Your task is to repeat all of the data exactly while excluding the pictures.

THE DATA |

---------------

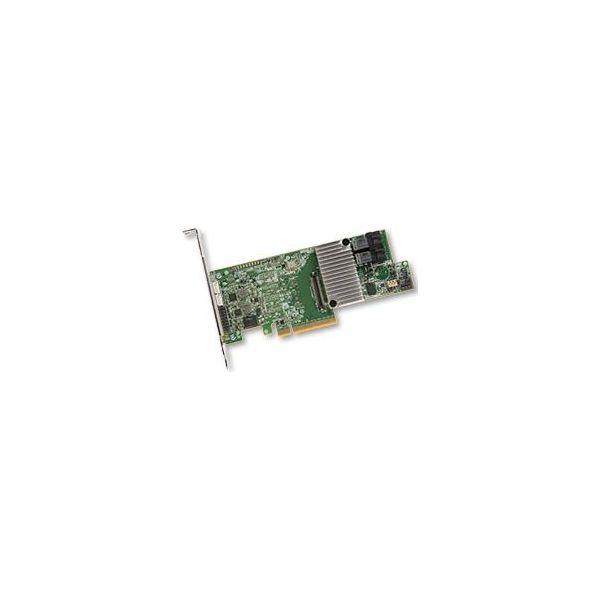 Lsi 05-25420-17 Lsi Megaraid Sas/Sata 9361-8I 2GB Sgl 8-Port Intern 12Gb/S-image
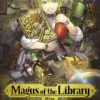 Magus of the Library 1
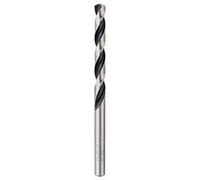 Bosch Professional 1x Forets hélicoïdaux HSS PointTeQ (pour métal, 6,5 x 63 x 101 mm, accessoires pour perceuse-visseuse)
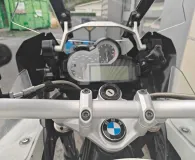 BMW 1200 GS Adventure ABS Intégral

---------------

EXERCISE SOLUTION |
 Lsi 05-25420-17 Lsi Megaraid Sas/Sata 9361-8I 2GB Sgl 8-Port Intern 12Gb/S-image
 Magus of the Library 1
 Bosch Professional 1x Forets hélicoïdaux HSS PointTeQ (pour métal, 6,5 x 63 x 101 mm, accessoires pour perceuse-visseuse)
 BMW 1200 GS Adventure ABS Intégral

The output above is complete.